Hadrah tak bisa memungkiri bahwa sebagai wanita perasaannya berkaitan dengan pilihan film yang disutradarainya. Sering kali Hadrah dibuat emosional oleh cerita yang dibuatnya sendiri.
"Aku yang pasti pertama mengandalkan rasa maksudnya sebagai sutradara aku orang yang sensitif menyimpan banyak rasa di sekitar aku dan rasa itu yang aku tuang ke film ini. Kita pengen kesedihan itu kadang tidak dengan airmata. Hal kecil yang sebuah perhatian aja bisa jadi menyedihkan. Banyak banget," paparnya.
Setahun terakhir, Hadrah banyak berkutat dengan cerita drama dalam film dan serial. Dia belajar mengolah kembali perasaannya untuk menyampaikan kesedihan supaya penonton tapi penonton juga dapat inspirasi semangat. Demikian yang dilakukannya untuk film Until Tommorow.
"Seemosional itu karena satu aku punya pengalaman emosional situasi ini. Aku pernah sakit parah seperti sarah dan aku juga pernah merawat orang sakit dan tahu rasanya beban berat bukan cuma orang sakit tapi yang merawat juga tidak mudah. Karena kita tahu kita bakal kehilangan," katanya.
Film Until Tommorow, lanjutnya, menawarkan banyak hal yang menyentuh. "Banyak hal yang kita jalani jadi kenangan tapi semua itu bukan berarti hidup kita berhenti. Hidup kita harus jalan, semangat sampai besok," katanya.
Setelah berhasil sampai pada titik saat ini, Hadrah Daeng Ratu kerap dipandang nyaman dengan kesuksesannya. Padahal, tantangannya tidak berhenti di titik ini.
"Nah itu dia. Orang-orang bilang udah jadi Hadrah enak tapi menurut aku tantangan tidak berhenti sampai di situ. Aku gak mau jadi orang cepat puas sementara dari awal udah kerja keras banget nih mempertahankan," katanya.
Kini, Hadrah bisa menyeleksi tawaran yang diterimanya. Dia mencari cerita yang dikuasai dan dekat dengannya.
"Sebisa mungkin aku selalu mengambil proyek yang lumayan dekat sama aku, selektif, ada tantangan, bukannya milih tapi makin ke sini aku lebih seleksi kalo ada satu hal atau menyampaikan hal baik ya itu yang akan aku ambil," papar Hadrah.
Ke depan, dia ingin lebih banyak memberikan pengalaman kesetaraan gender dalam sinema. Dia tak ingin perempuan selalu menjadi korban.
"Aku justru dari kuliah mengagumi sutradara perempuan. Di film itu sterreotip perempuan selalu jadi korban, tokoh yang paling naas karena ya kita tidak memungkiri bahwa subyektivitas patriarki lebih kuat. Penulis dan sutradara laki lebih banyak. Okelah perempuan memang punya banyak titik yang terlihat lemah tapi di balik titik itu dia punya hal yang disuarakan. Gak papa jadi lemah tapi lemah itu jadi kekuatan yang dihadirkan oleh perempuan," tegasnya.
Terlalu berperasaan kerap menjadi batu sandungan pada karir perempuan. Sebagai sutradara, Hadrah membaliknya. Kelemahan itu justru menjadi kekuatannya.

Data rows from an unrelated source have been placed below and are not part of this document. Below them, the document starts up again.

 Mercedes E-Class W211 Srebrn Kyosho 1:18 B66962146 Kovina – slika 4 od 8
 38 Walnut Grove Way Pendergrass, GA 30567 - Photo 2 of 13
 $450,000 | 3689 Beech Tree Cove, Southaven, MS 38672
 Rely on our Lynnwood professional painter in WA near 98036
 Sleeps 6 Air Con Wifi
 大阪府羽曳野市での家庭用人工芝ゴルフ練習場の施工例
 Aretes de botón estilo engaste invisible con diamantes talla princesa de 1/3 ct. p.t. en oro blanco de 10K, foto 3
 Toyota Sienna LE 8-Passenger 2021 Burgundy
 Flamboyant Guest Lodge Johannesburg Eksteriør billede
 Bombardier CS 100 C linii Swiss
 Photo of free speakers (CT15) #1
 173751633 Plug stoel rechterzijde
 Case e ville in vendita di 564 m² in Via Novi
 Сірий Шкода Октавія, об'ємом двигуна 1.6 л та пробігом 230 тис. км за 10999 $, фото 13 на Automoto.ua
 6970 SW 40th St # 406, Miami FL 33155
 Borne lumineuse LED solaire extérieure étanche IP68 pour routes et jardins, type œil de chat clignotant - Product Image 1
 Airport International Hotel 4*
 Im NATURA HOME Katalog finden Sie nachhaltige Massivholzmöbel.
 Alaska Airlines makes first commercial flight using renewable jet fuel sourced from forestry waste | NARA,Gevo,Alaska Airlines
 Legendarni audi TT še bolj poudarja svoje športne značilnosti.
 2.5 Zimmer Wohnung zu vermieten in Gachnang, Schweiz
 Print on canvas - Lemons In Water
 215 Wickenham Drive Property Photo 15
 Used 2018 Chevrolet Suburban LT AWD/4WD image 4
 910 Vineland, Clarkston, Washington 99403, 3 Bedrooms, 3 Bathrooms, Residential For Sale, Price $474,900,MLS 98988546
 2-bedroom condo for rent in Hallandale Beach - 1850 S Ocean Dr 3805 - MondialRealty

"Perempuan kan memang 70% semuanya berdasarkan perasaan yang pasti itu menjadi kekuatan menurutku. Kekuatan dalam berkarya. Sensitivitas kepekaan itu menjadi nilai plus yang menurut aku perempuan punya lebih dari laki-laki," katanya.
Hadrah ingin menjadi bagian majunya perfilman Indonesia. "Aku sih optimis banget maksudnya setelah film Parasite berapa tahun lalu menang Oscar, aku melihat itu jadi harapan buat film asia lebih maju termasuk Indonesia. Film tidak hanya didominasi Hollywood tapi negara lain pun bisa berkembang apalagi kita juga semakin terbuka pasar saham, investasi asing, dan harusnya kita bener bener bisa manfaatkan untukk berkreativitas lebih banyak," katanya.
Bernagkat dari pengalaman pribadinya, Hadrah berharap produser juga percaya pada sutradara muda. Dia yakin banyak sutradara muda yang bertalenta hanya saja tidak mendapat pengalaman untuk mengembangkan dan menunjukkan bakatnya.
"Oke sutradara senior mungkin jauh lebih berpengalaman. Tapi ide gila, segar itu dari anak muda banyak banget. Mereka hanya butuh diarahkan, didampingin, dikasih kesempatan," harapnya.
Jalan panjang membentang, Hadrah tak mau jauh dari film. "Bikin film yang bisa membuat orang ketika nonton itu mereka membawa sesuatu yang lebih baik dan bisa digunakan di hidup mereka. Aku pengen bikin film yang menginspirasi orang apa pun genre tapi selalu bisa diselipkan hal inspiratif, hal yang membuat orang berpikir tentang hidup mereka, hal yang membuat orang terus melangkah untuk hidup mereka. Entah jadi sutradara, atau produser atau rumah produksi sendiri. Harapannya aku ingin bikin film karena ini dunia aku jadi aku ingin hidup di sini dan dari sini," tutupnya.
The English, Chinese, Japanese, Arabic, and French versions are automatically generated by the AI. So there may still be inaccuracies in translating, please always see Indonesian as our main language. (system supported by DigitalSiber.id)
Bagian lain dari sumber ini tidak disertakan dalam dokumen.